- _What you are asked to do_:
With the pictures omitted, print exactly the lines below, from the one containing "Euro të falsifikuara" through the one containing "Building Photo - Beautiful", and nothing else.

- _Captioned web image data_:
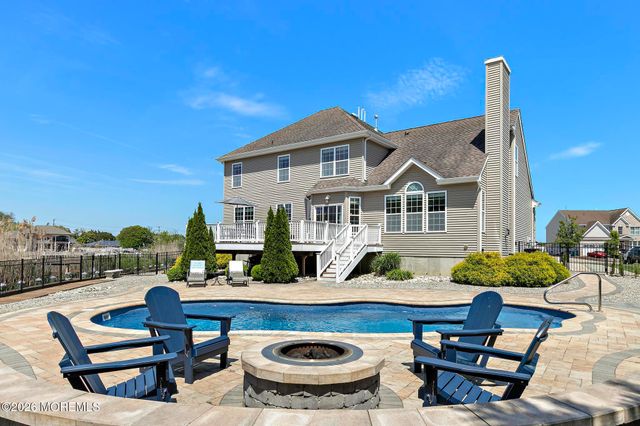 40 Overlook Drive, Little Egg Harbor, NJ 08087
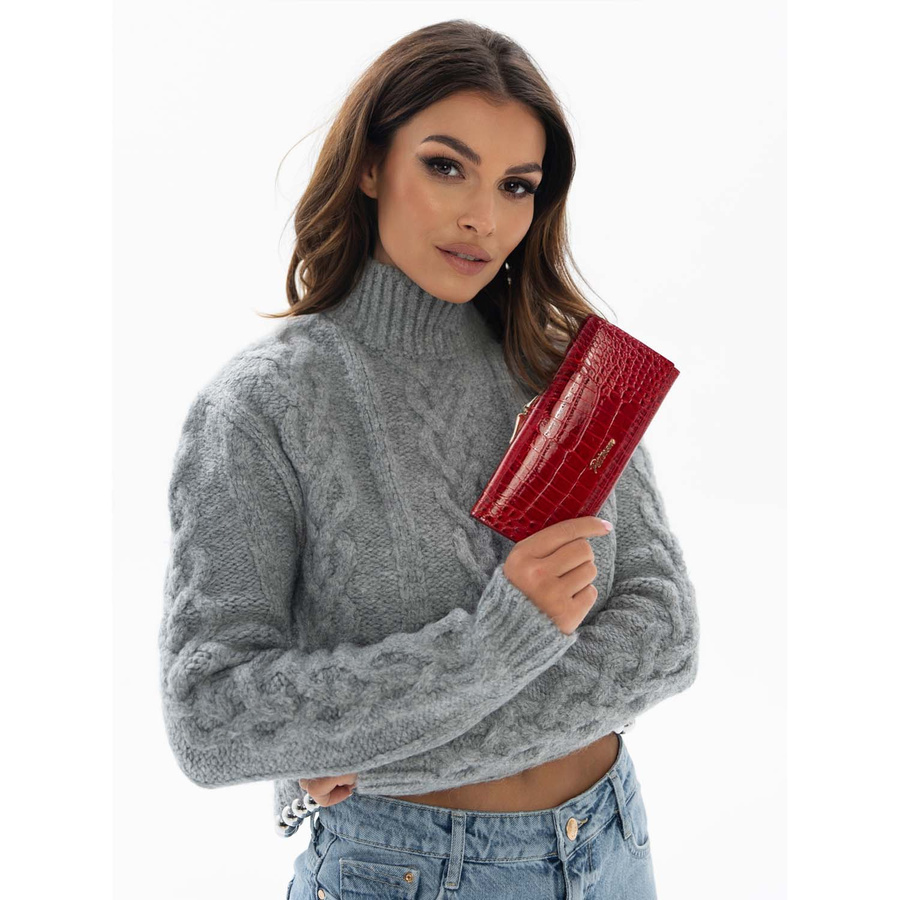 Lakierowany portfel damski we wzór skóry krokodyla w czerwonym kolorze - Peterson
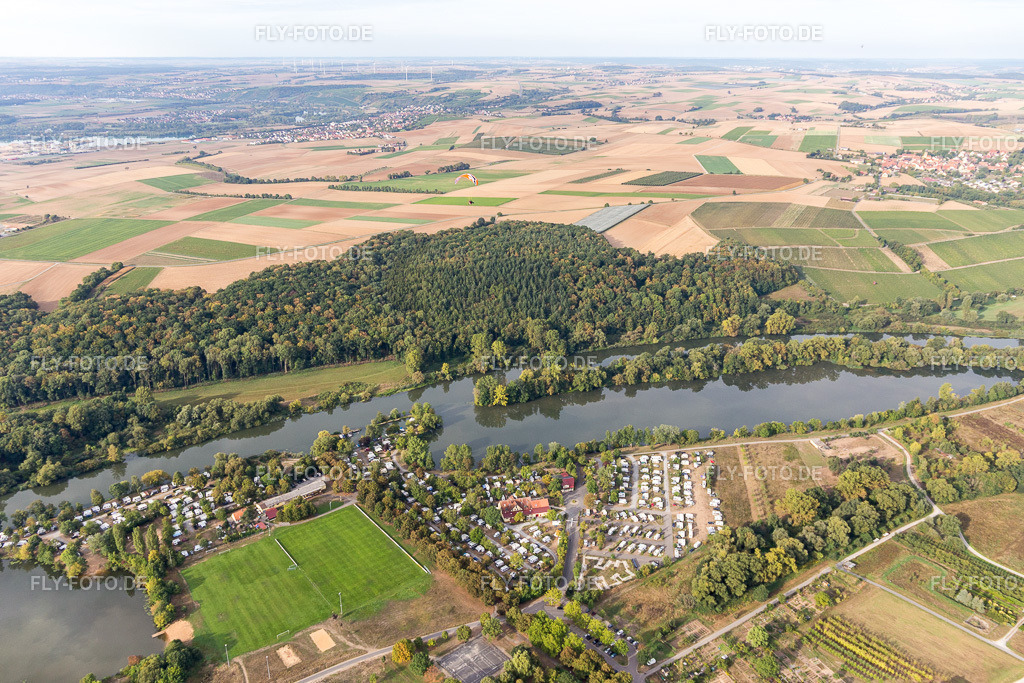 Campingplatz Katzenkopf am Main | Luftbild: Campingplatz Katzenkopf am Main in Sommerach im Bundesland Bayern in Deutschland. Foto: IMG_111253.jpg vom 09.09.2018 durch Werner Riehm/FLY-FOTO.de - Realisiert mit Pictrs.com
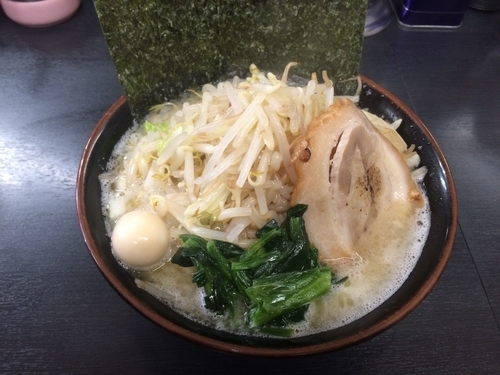 「塩豚骨  もやしキャベツ」@横浜家系ラーメン すずき家の写真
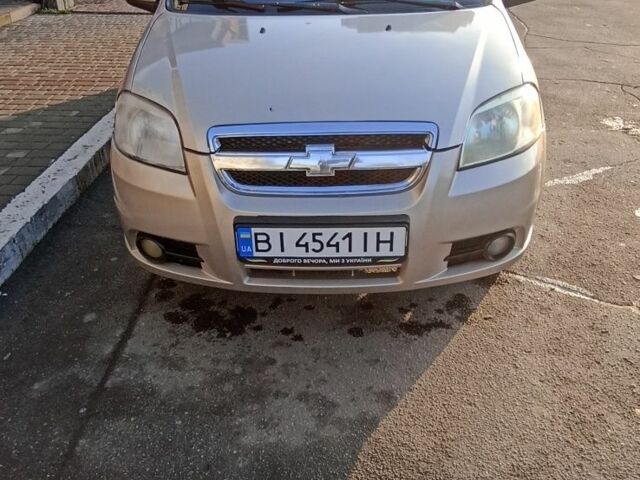 Бежевый Шевроле Авео, объемом двигателя 1.6 л и пробегом 300 тыс. км за 3300 $, фото 1 на Automoto.ua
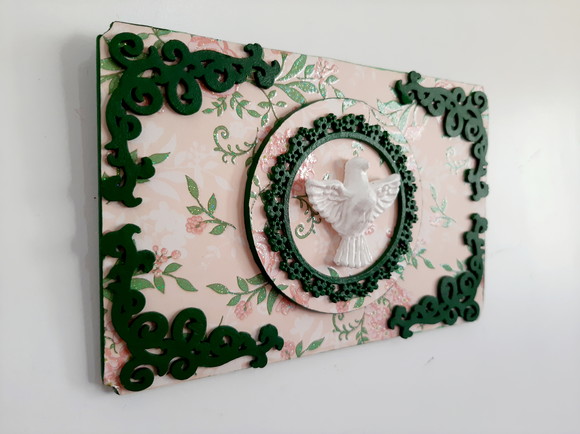 Divino em Quadro de mdf Verde com Fundo Floral - Imagem 4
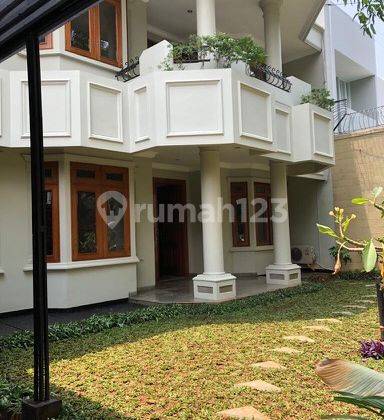 RUMAH STRATEGIS DEKAT SCBD DAN SUDIRMAN 1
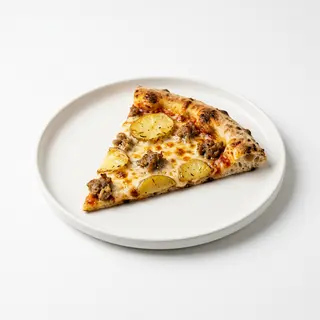 Pizza De Patata Y Salchicha Italiana (Porción)
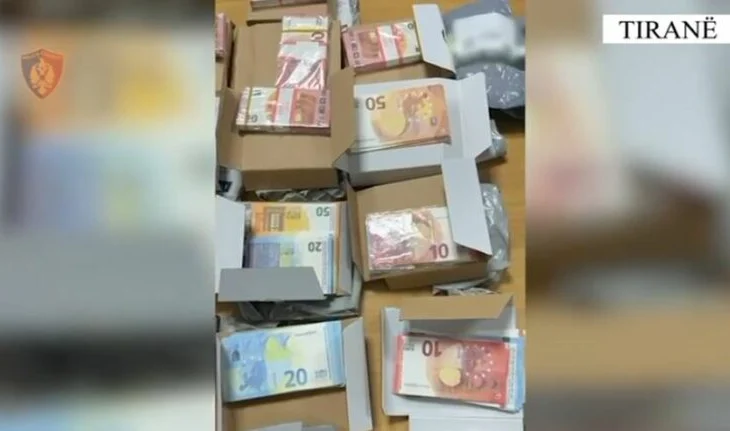 Euro të falsifikuara në qarkullim, arrestohen 4 të rinj në Tiranë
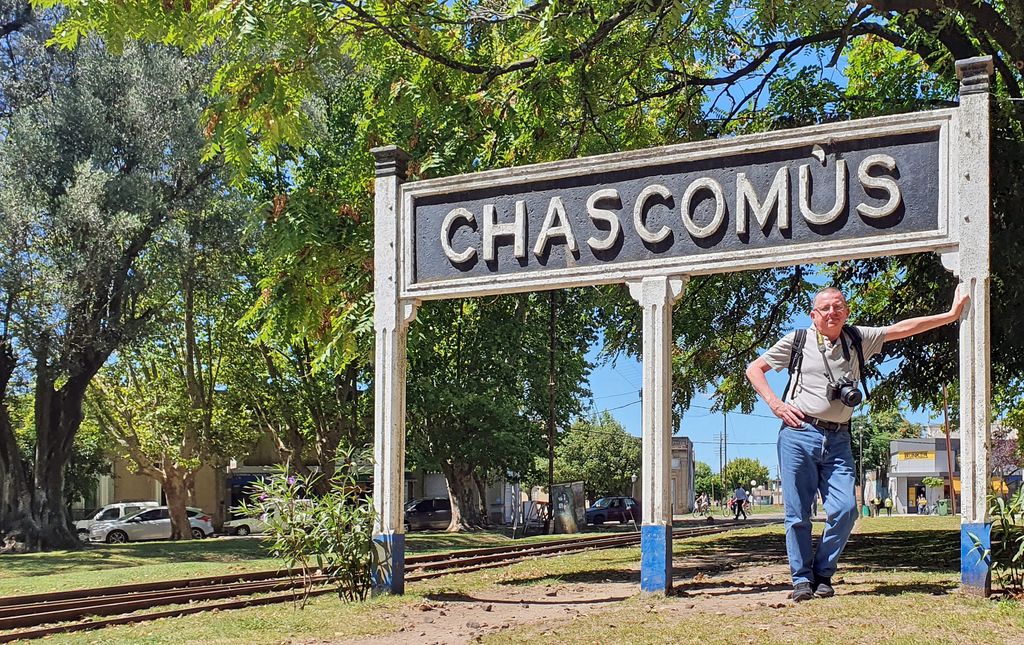 Der alte Zinni am Bahnhof von Chascomús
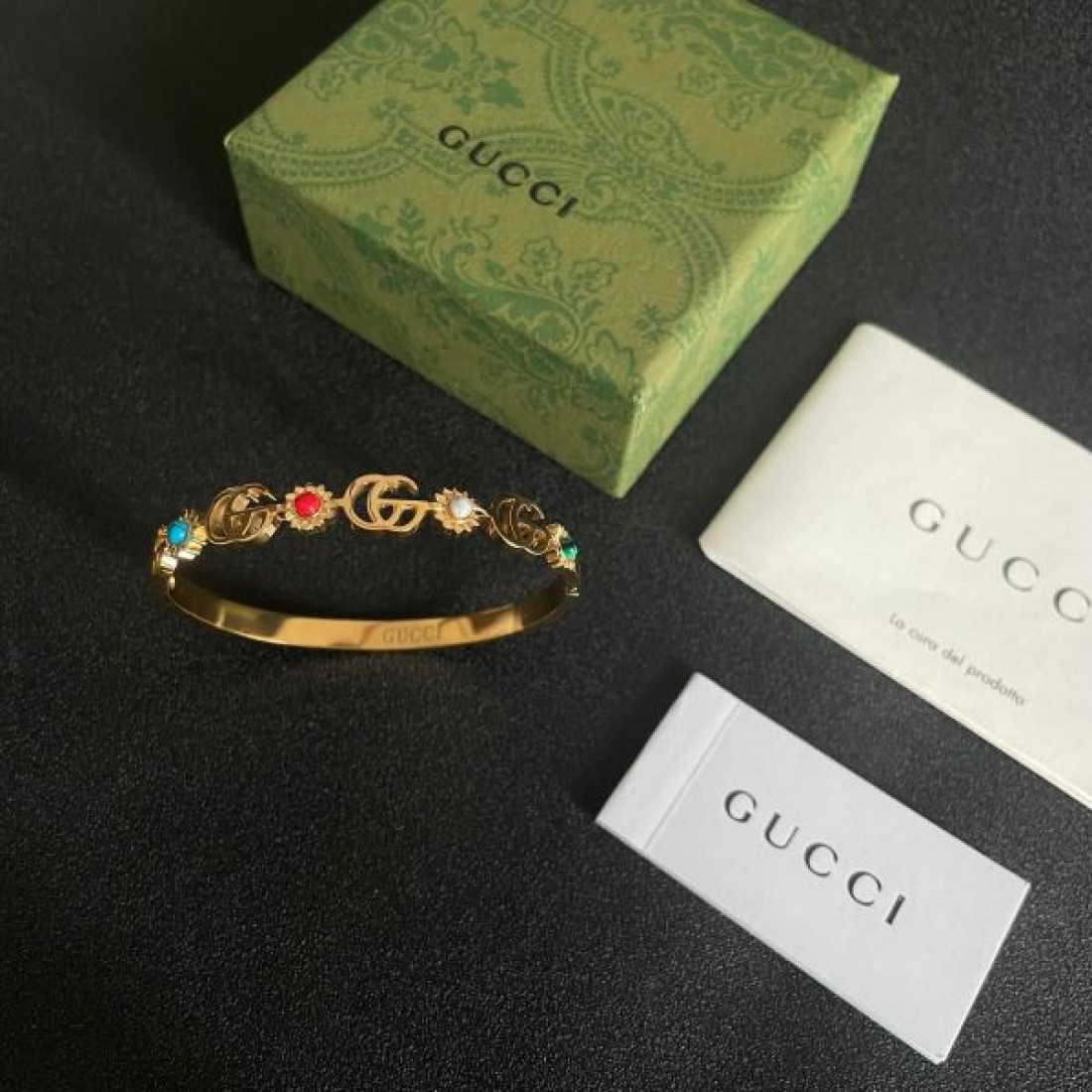 グッチ コピー ブレスレット ロゴ 完売品夏に大活躍間違いなし GUCCI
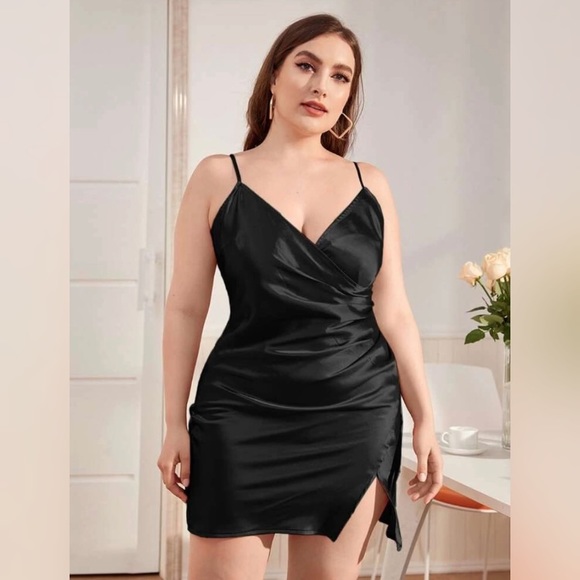 Dresses & Skirts - PLUS 2XL Black Slip Dress NEW!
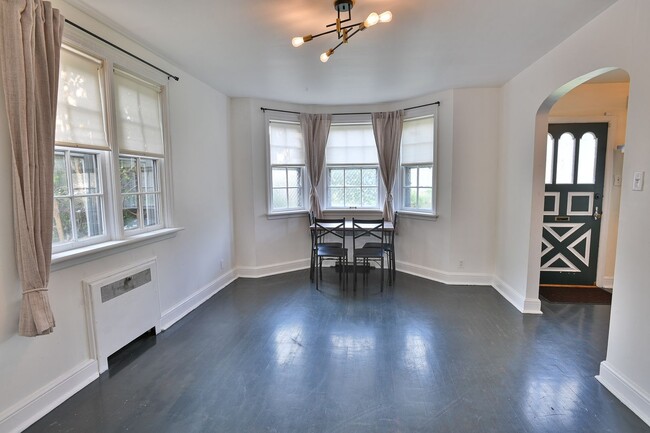 Building Photo - Beautiful Single Family in Bellevue Park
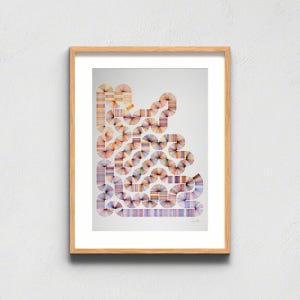 Può includere: Una stampa d'arte incorniciata che presenta un percorso sinuoso continuo composto da linee verticali multicolori nelle tonalità dell'arancione, viola, blu e giallo. Il design crea un motivo a serpente su uno sfondo grigio chiaro.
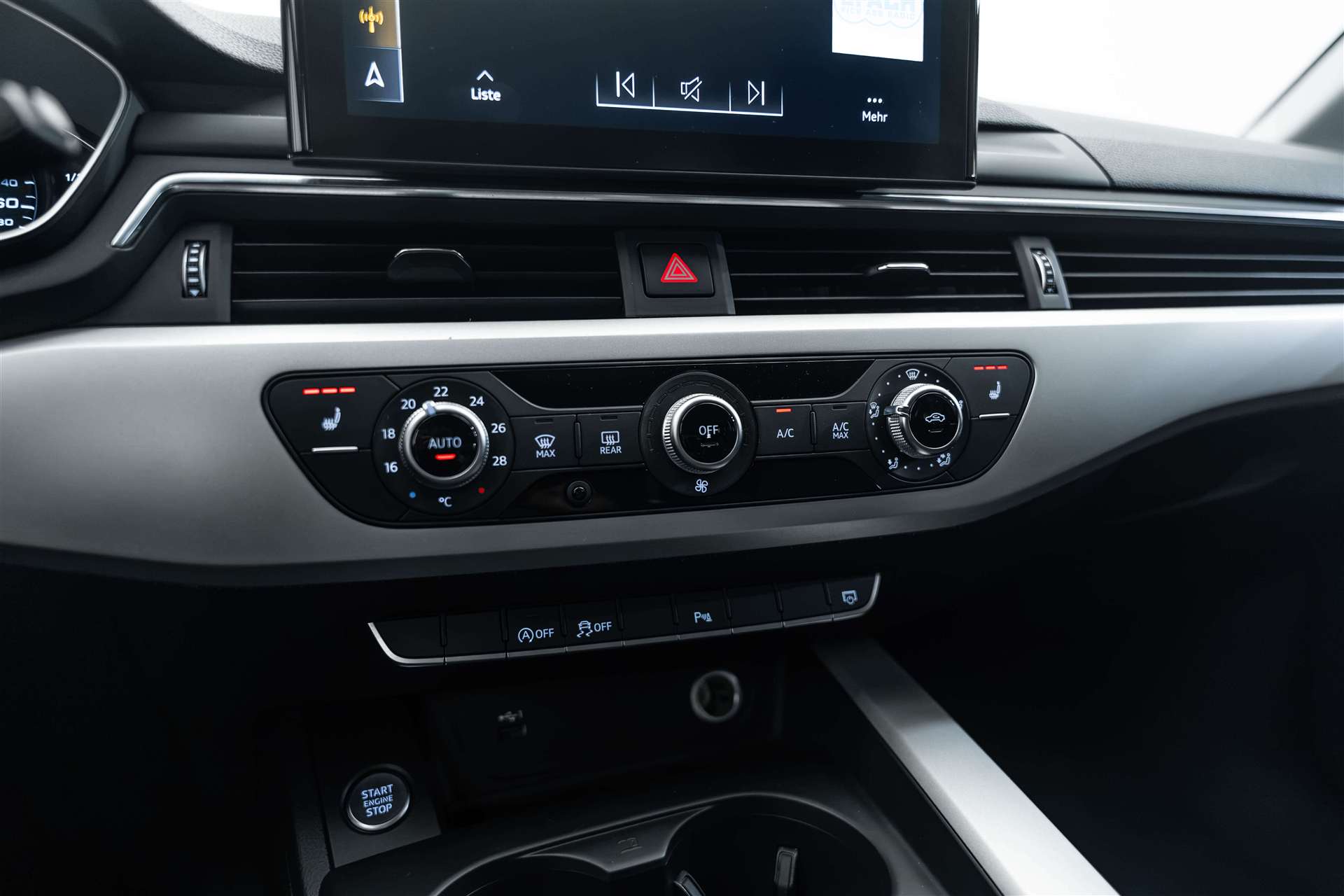 AUDI A4 Avant 35 TFSI S-tronic-image-23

- _Your solution_:
 Euro të falsifikuara në qarkullim, arrestohen 4 të rinj në Tiranë
 Der alte Zinni am Bahnhof von Chascomús
 グッチ コピー ブレスレット ロゴ 完売品夏に大活躍間違いなし GUCCI
 Dresses & Skirts - PLUS 2XL Black Slip Dress NEW!
 Building Photo - Beautiful Single Family in Bellevue Park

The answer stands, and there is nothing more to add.